Ella lo miraba con una sonrisa traviesa, sentada al borde de la cama. La luz tenue hacía brillar sus labios humedecidos, y entre sus dedos sostenía algo que él nunca había visto tan de cerca: un condón femenino, aún dentro de su envoltura plateada.
—Quiero probar algo diferente contigo —susurró mientras lo abría con calma, como si estuviera desenvolviendo un secreto.
Él la observaba fascinado, el corazón latiendo rápido al ver cómo lo deslizaba entre sus manos. El aro interno se deslizó por sus dedos antes de guiarlo suavemente dentro de sí, con un movimiento lento y deliberado que la hizo gemir apenas lo sintió ajustarse en su interior.

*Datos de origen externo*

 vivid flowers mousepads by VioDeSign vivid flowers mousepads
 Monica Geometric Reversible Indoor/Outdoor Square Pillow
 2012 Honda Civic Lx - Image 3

—Mírame… —pidió ella con un tono bajo y cargado de deseo.
Él no podía apartar la vista mientras ella introducía el aro con destreza, sus dedos desapareciendo dentro de su cuerpo. El movimiento la excitaba tanto como a él: se arqueaba, respiraba más fuerte, y esa preparación se volvía parte del juego.

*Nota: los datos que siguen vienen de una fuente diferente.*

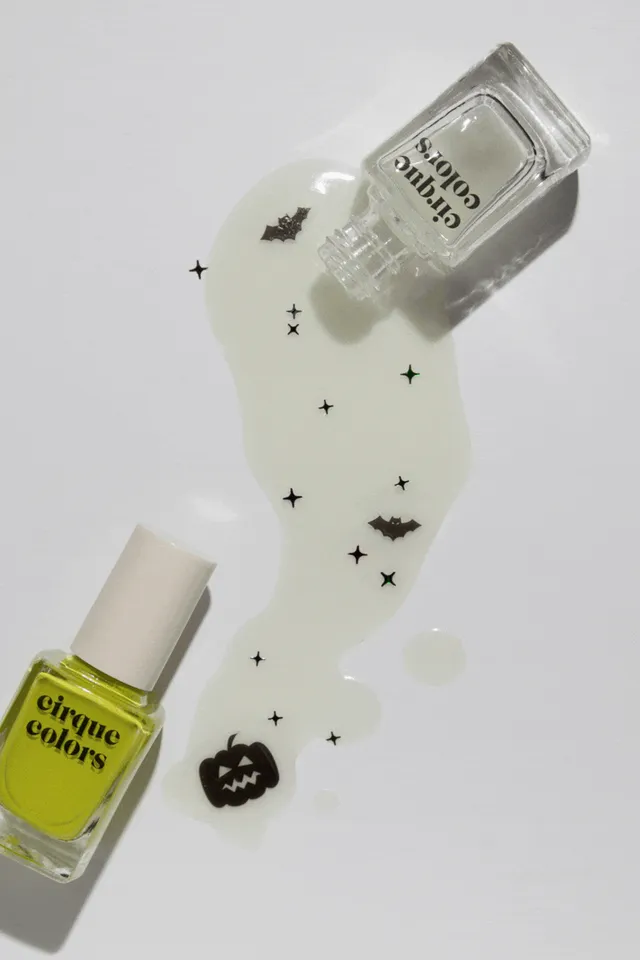 Cirque Colors Goblin & Ghost Duo nagellacksset glow 2-pack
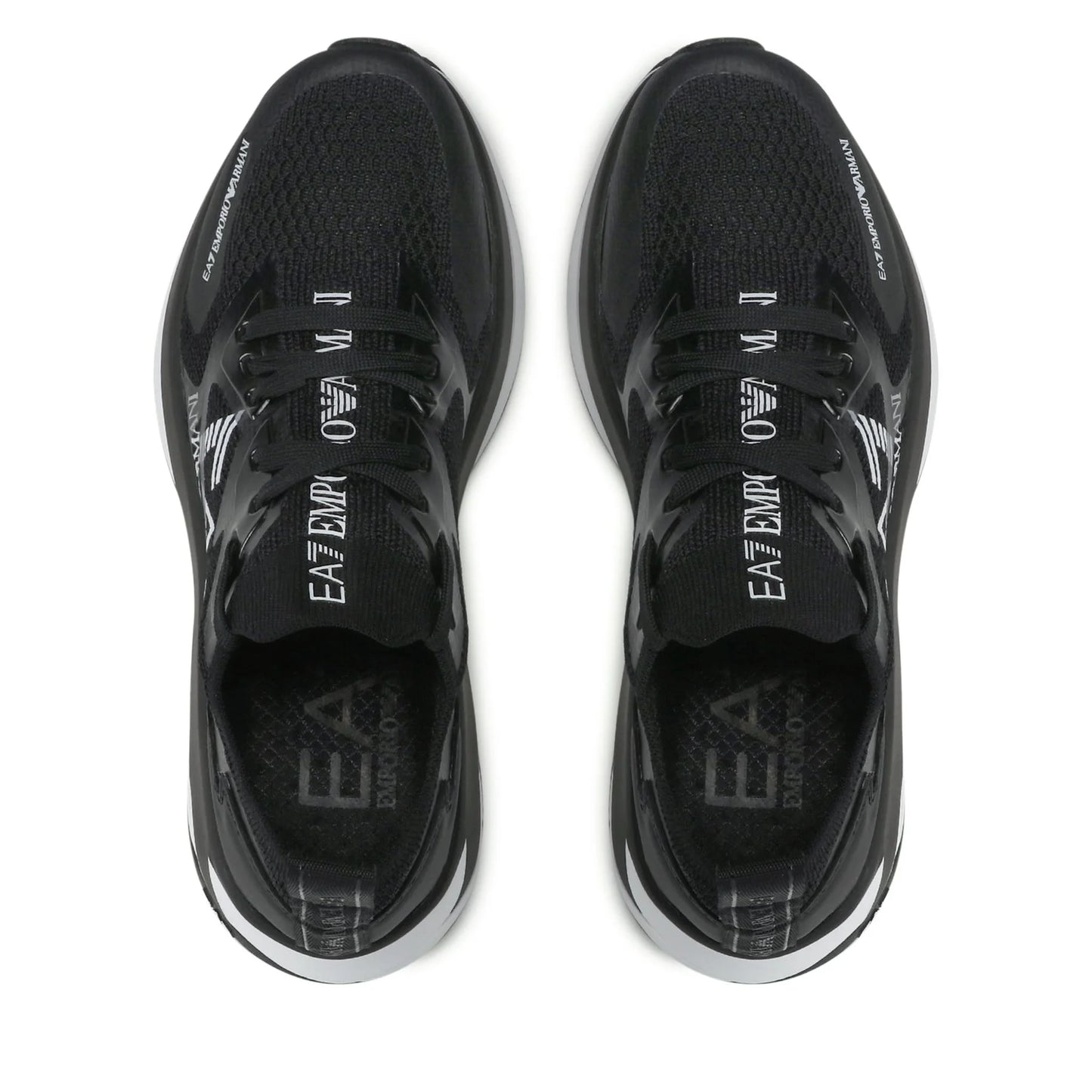 EA7 Emporio Armani Αθλητικά X8X113 XK269 A120 Black/White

Cuando terminó, abrió los muslos y lo invitó con una mirada. No necesitaba palabras. La boca de él recorrió su vientre, saboreando cada gemido que ella soltaba, hasta que su sexo húmedo y preparado lo recibió sin prisa.
El condón femenino le ofrecía una sensación distinta: la textura suave, la fricción interna, la libertad de no detenerse para colocarse nada él mismo. Era como si ella lo hubiera envuelto de antemano, esperando ese momento.

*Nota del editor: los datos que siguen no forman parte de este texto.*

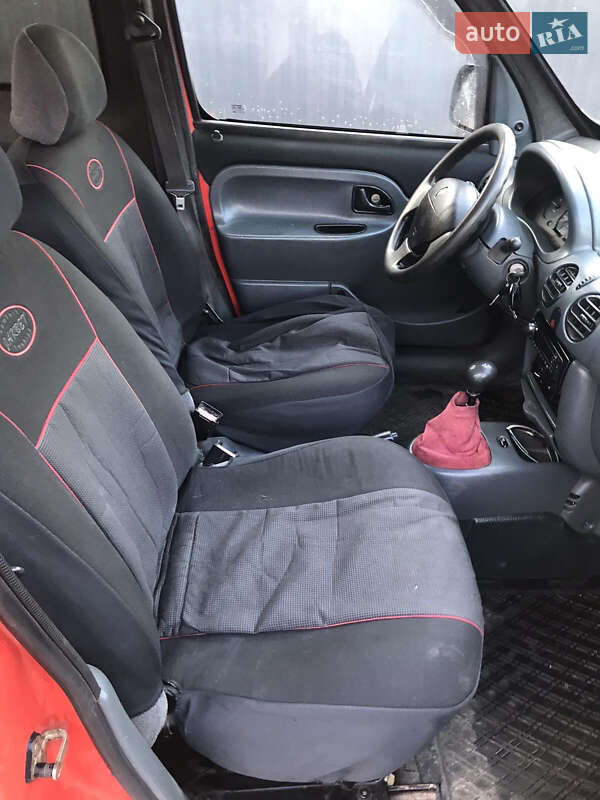 Минивэн Renault Kangoo 2000 в Львове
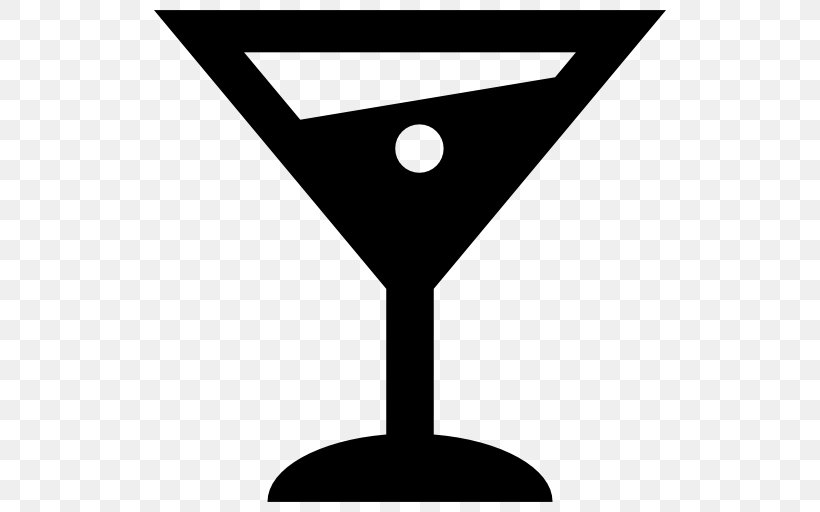 Martini Cocktail Glass Alcoholic Drink, PNG, 512x512px, Martini, Alcoholic Drink, Bar, Black And White, Champagne Glass Download Free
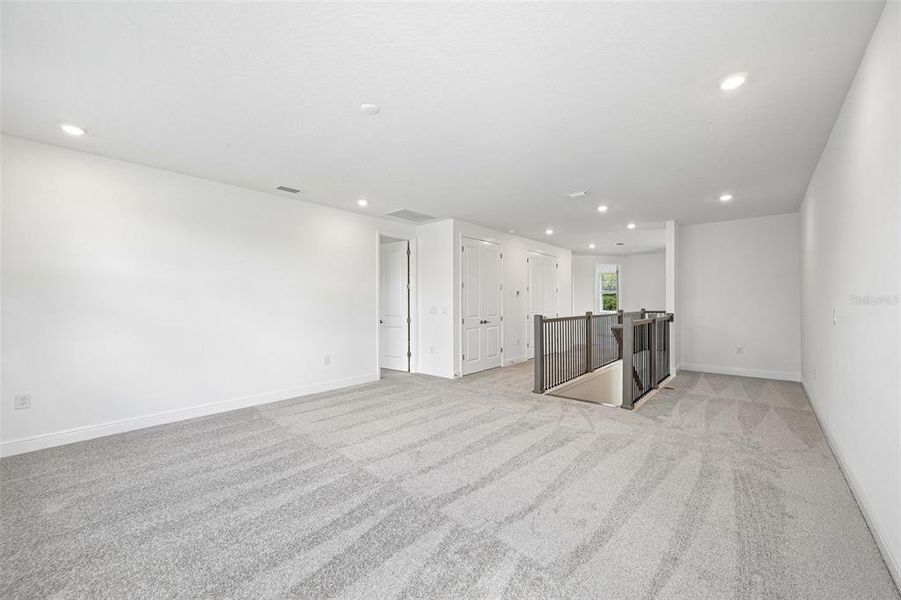 Spacious, unfurnished interior of a new home in Creeks Edge at Twin Rivers, Parrish (Image 20).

—Muévete así… más profundo —jadeó ella, apretando sus caderas contra las de él.
La intensidad crecía, cada embestida acompañada por el sonido húmedo y delicioso de su unión. Ella disfrutaba el control, disfrutaba haber tomado la iniciativa, y él se rendía a ese juego nuevo, más intenso de lo que había imaginado.
El clímax llegó como una ola compartida, sus cuerpos tensándose al mismo tiempo, mientras ella lo abrazaba fuerte con las piernas abiertas, sintiéndose completamente llena y protegida, pero sobre todo, completamente libre.